A global concert would be a consultative, not a decision-making, body. It would address emerging crises yet ensure that urgent issues would not crowd out important ones, and it would deliberate on reforms to existing norms and institutions.

 

This steering group would help fashion new rules of the road and build support for collective initiatives but leave operational matters, such as deploying peacekeeping missions, delivering pandemic relief, and concluding new climate deals, to the UN and other existing bodies. The concert would thus tee up decisions that could then be taken and implemented elsewhere. It would sit atop and backstop, not supplant, the current international architecture by maintaining a dialogue that does not now exist.

This new global concert proposal, according to Haass and Kupchan, would have the following membership:

A global concert would have six members: China, the European Union, India, Japan, Russia, and the United States.

The concert’s members would collectively represent roughly 70 percent of both global GDP and global military spending.

The analysis seems to be moving full speed forward until:

This proposal presumes that none of the concert’s members would be a revisionist power bent on aggression and conquest.

Ah, and there is the dilemma – the ‘fly in the ointment’. The reality is that two great powers are evidently revisionist – that is Russia and China, and now under Trump the same may well be said for the upcoming Trump administration.

But as Nathan Gardels, the editor-in-chief of Noema Magazine and also the co-founder of, and a senior adviser to the Berggruen Institute, just recently wrote in Noema:

A revisionist state seeks to change the rules and norms of the extant world order. In recent years, we have become used to castigating China and Russia as the chief renegades in this endeavor. Now, as Princeton political scientist John Ikenberry pithily notes, another “revisionist state has arrived on the scene to contest the liberal international order … it is the United States.

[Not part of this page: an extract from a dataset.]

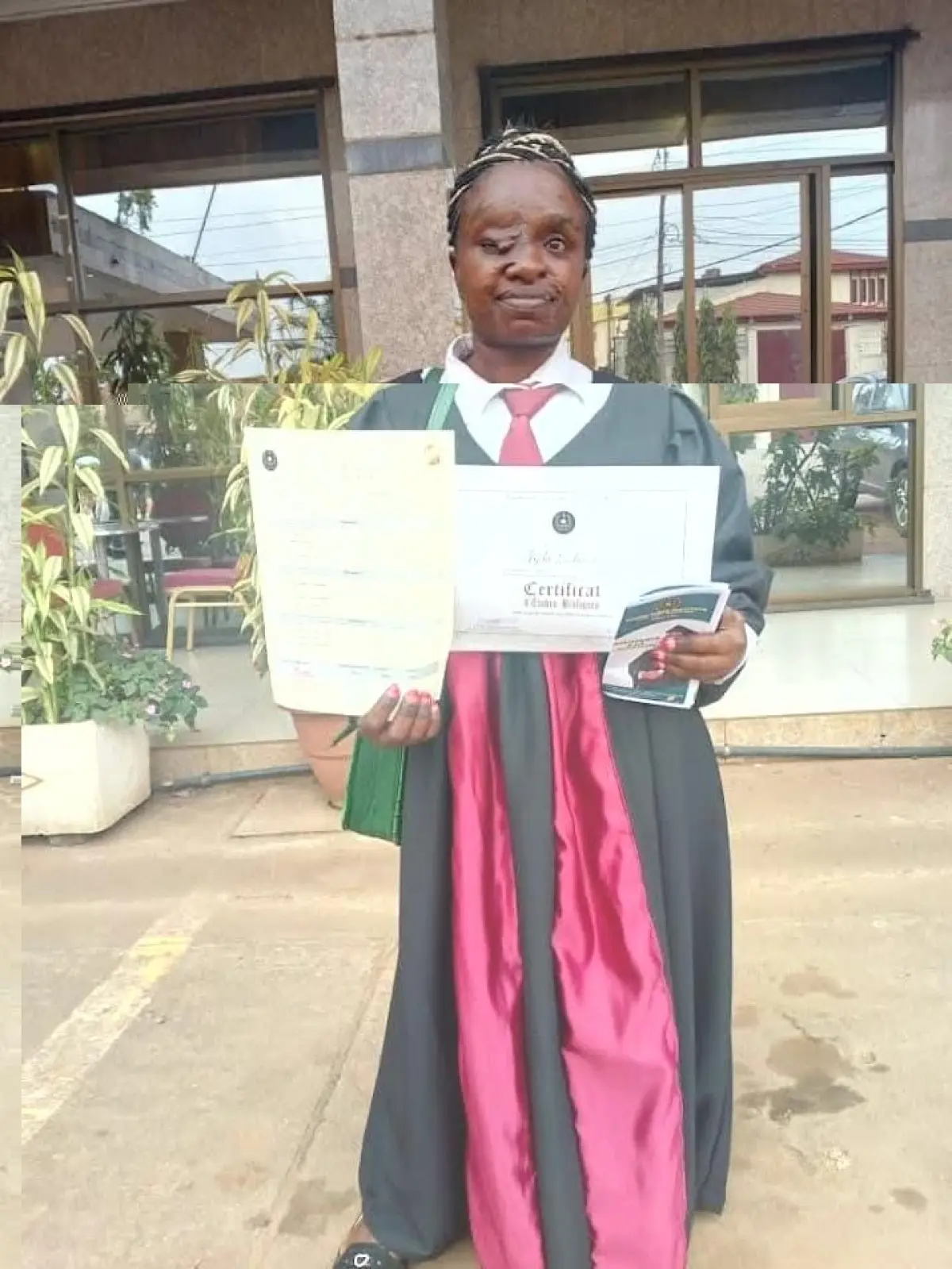 Stolz präsentiert Ladouce, die unter einem Tumor im Gesicht leidet, ihre Diplome. Der Verein „Roots of Hope“ will der jungen Frau eine Operation ermöglichen.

It’s Trump in the Oval Office, the beating heart of the free world.”

So, are we at a brick wall when it comes to promoting stability and dampening geopolitical tensions? Well, like many of my international relations colleagues I have spent time examining the contours and the operation of the classic global concert – the Concert of Europe. For Haass and Kupchan this is the model for a contemporary concert designed to diminish tensions and mitigate conflict. But the Concert is 200 years ago and it is not at all clear that a modern day instrument could operate in any way similar to this much earlier European instrument. And I would think we have already a ready-made instrument of concert-like characteristics – the G20. This involves a membership wider than that suggested by these authors. The G20 today includes: Argentina, Australia, Brazil, Canada, China, France, Germany, India, Indonesia, Italy, Japan, Republic of Korea, Mexico, Russia, Saudi Arabia, South Africa, Türkiye, United Kingdom and United States and two regional bodies today: the European Union and the African Union. It seems to me this Informal has a much better representation from the Global South and the collective could turn its attention to critical global security issues as well as global economic issues if the motivation were there.

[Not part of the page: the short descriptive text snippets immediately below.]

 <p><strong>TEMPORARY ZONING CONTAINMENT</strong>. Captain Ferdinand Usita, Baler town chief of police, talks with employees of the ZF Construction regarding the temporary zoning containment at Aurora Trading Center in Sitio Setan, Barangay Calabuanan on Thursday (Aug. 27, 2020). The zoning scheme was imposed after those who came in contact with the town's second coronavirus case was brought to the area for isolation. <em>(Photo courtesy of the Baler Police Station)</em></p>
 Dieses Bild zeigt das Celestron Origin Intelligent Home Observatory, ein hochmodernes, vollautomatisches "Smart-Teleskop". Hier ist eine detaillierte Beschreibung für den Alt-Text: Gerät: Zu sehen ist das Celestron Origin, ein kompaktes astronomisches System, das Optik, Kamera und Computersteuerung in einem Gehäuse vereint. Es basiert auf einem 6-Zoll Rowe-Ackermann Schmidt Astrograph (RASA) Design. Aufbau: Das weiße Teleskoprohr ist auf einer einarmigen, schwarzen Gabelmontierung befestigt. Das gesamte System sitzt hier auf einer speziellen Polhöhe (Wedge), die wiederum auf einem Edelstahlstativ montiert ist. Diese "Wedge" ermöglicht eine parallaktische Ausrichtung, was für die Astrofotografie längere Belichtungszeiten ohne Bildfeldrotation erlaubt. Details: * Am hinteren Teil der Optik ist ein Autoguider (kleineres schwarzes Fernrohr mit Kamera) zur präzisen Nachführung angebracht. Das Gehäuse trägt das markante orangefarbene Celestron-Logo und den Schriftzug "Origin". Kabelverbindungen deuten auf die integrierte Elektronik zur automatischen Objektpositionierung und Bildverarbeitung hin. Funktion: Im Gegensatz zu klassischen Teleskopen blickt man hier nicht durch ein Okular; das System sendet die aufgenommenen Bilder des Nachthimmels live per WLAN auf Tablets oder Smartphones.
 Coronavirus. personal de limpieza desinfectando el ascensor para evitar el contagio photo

But concerts may not be, or may not be the only mechanism to generate potentially greater stability in a world of increasing disorder. Rather, plurilateral structures – smaller groupings that include major and Middle Powers, especially from the Global South targeting growing challenges to global stability – plurilateral collaborations that could target climate change and the green transition, debt distress and relief, regional conflicts and more. Let’s tackle real threatening problems starting with these plurilateral collaboratives and build our way to a global concert in time. Let’s start here with this smaller step, and who knows, in time it might also provide for a larger grouping, even a ‘global concert’ with possibly better leadership than we seem to have right now.

This first appeared as a Substack Post at Alan’s Newsletter – https://globalsummitryproject.substack.com/publish/post/155031165

All comments and subscriptions for the Substack are welcome

 

Informal global leadership can help steady the ship – from EAF November 26, 2024

Happy Thanksgiving Weekend – Enjoy!

This piece forst appeared at EAF – https://eastasiaforum.org/2024/11/26/informal-global-leadership-can-help-steady-the-ship/

“All evidence suggested that Brazil’s G20 Summit was going to bean exceptionally difficult summit for the United States and its departing President Joe Biden — and it proved to be so with the USPresident appearing as all too evidently a ‘lame duck’ and the shadow of Biden’s successor, Donald Trump, all too evident in leaders’ discussions.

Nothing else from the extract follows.